Perhaps it will be possible at some point for someone to compile a list of models that will work with 21 tuners, so those who have more than 13 tuners and want to use a reverse band LNB will know what receivers they need to replace.


----------



## veryoldschool (Dec 10, 2006)

This is what happens when you don't know and are merely guessing [aka "spit balling"].

Maybe it was the phase of the moon


----------



## slice1900 (Feb 14, 2013)

If I don't know, is guessing a terrible idea? Maybe someone will come along with a better guess, or better yet someone who actually knows the reason. People have been wondering about why the discrepancy between 13 and 21 tuners for the reverse band LNB, that post on satelliteguys is the first I see that links it to specific receiver models.
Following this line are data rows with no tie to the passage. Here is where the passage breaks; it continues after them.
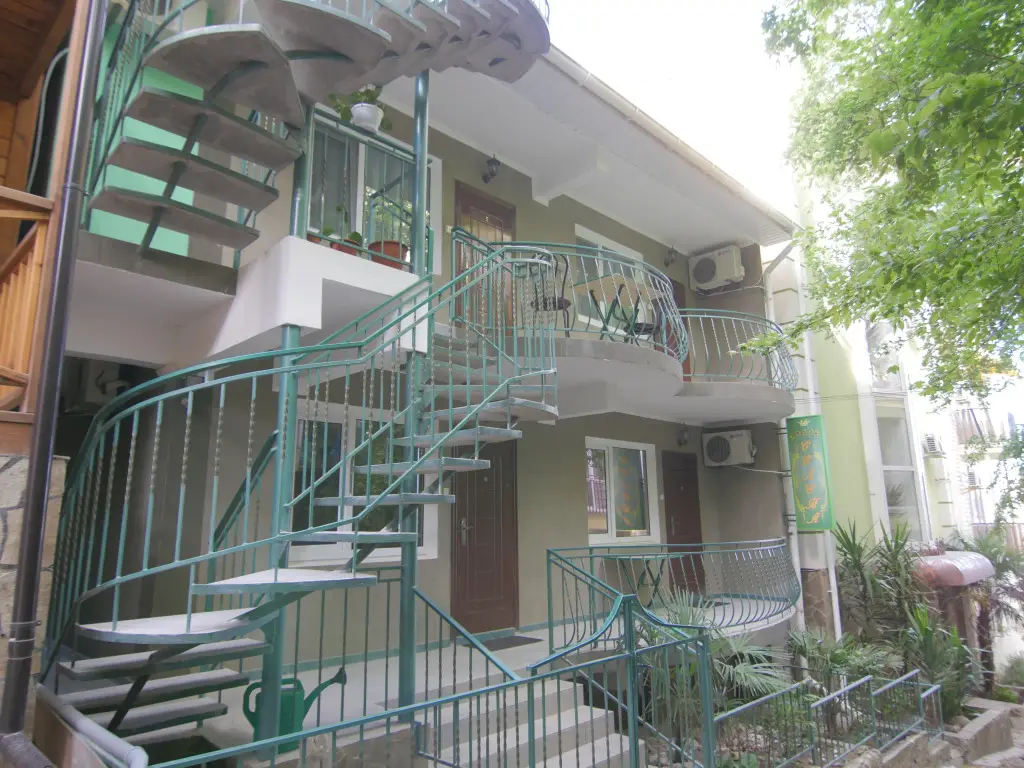 Алушта: Selena Guest House
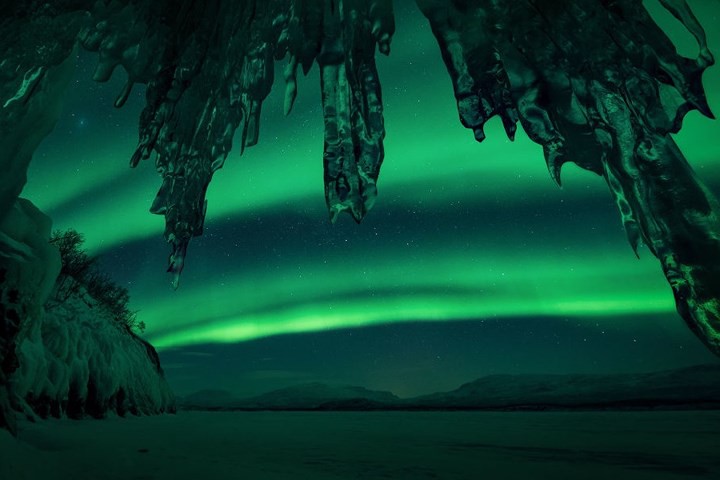 Những bức ảnh ngoạn mục về vũ trụ huyền ảo v&agrave; kỳ b&iacute; - Ảnh 18.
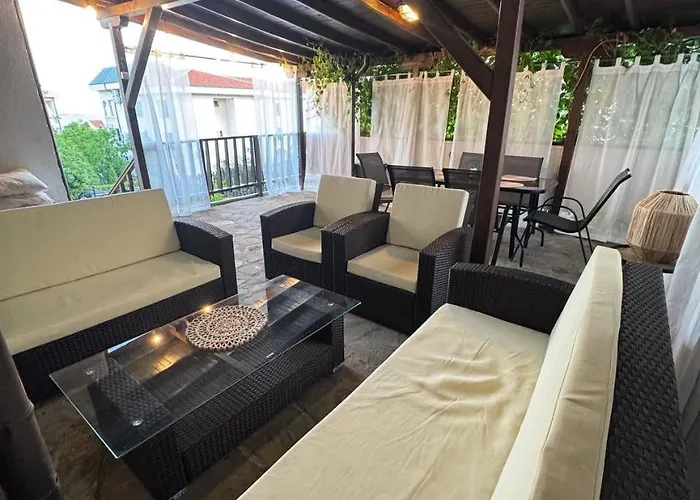 Kombani 3 * Свети Влас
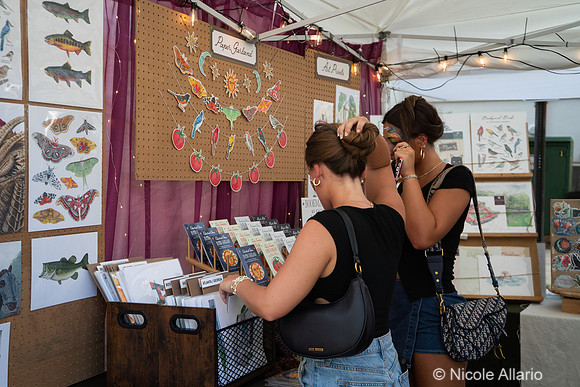 Artist Marketplace (Nicole Allario)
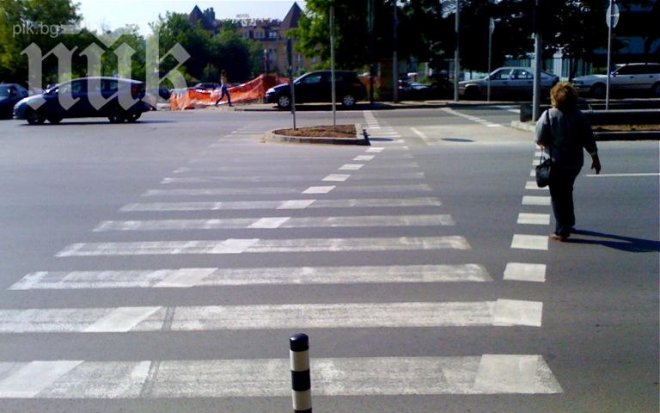 Тойота помля жена на зебра в Пловдив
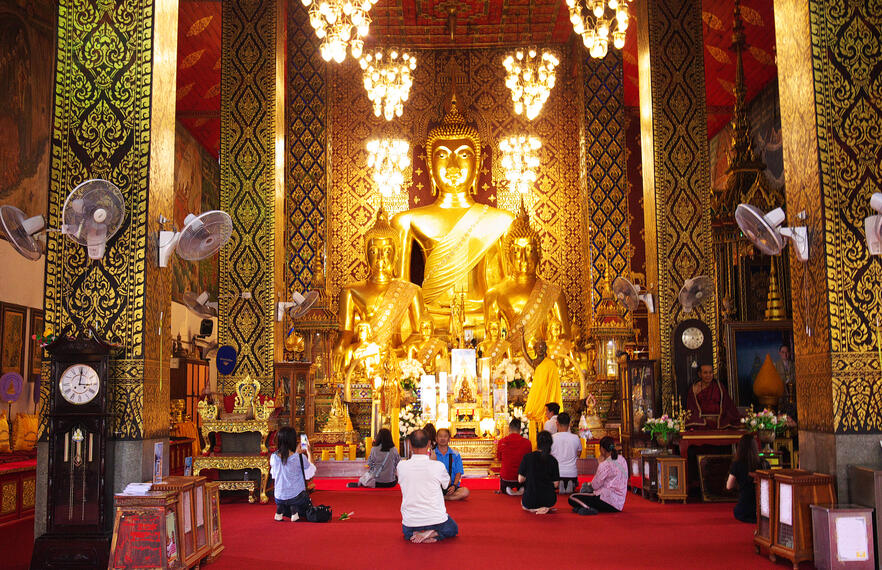 Thailand temple dress codes that tourists should follow 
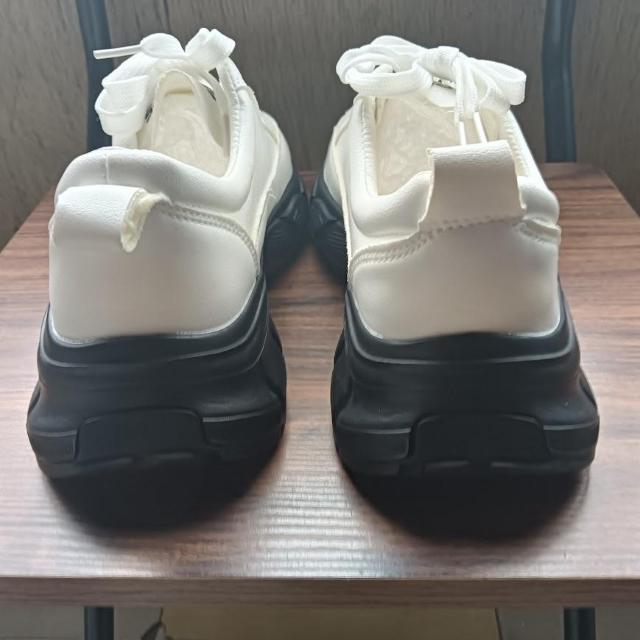 新品 24cm レディース スニーカー ホワイト シューズ 靴 カジュアル < 女性ファッション  新品 24cm レディース スニーカー ホワイト シューズ 靴 カジュアル < 女性ファッションの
Knowing that doesn't answer the 'why', but it points to it being in some way hardware related on the receiver side.

If you aren't able to enlighten us as to the reason, not sure why you felt a drive-by insult was necessary.


----------



## texasbrit (Aug 9, 2006)

here goes with a definitive (partially) response. Not a guess. If you go to sat setup, at least on my HR44, and you have a 21 tuner Reverse Band LNB, a message pops up that says:
"If a network has at least one NDS, Hx2x or HR34 only 13 SWM channels can be used".
No mention of H25s.
And it must be firmware-related because my HR24s running CE software work perfectly on my 18 tuner setup.


----------



## CuttySnark (Oct 23, 2015)

What is meant by NDS? Usually in context of D* that refers to the former company now a part of cisco but that wouldn't make sense.


----------



## KyL416 (Nov 11, 2005)

NDS is the company that made the software that runs on SD receivers like the D12 and R16, which are SWM capable. (Any previous D1x and R1x models, as well as pre D/R/Hx-era receviers are not SWM capable and can only be hooked up to Legacy ports, so they are not part of the SWM tuner count)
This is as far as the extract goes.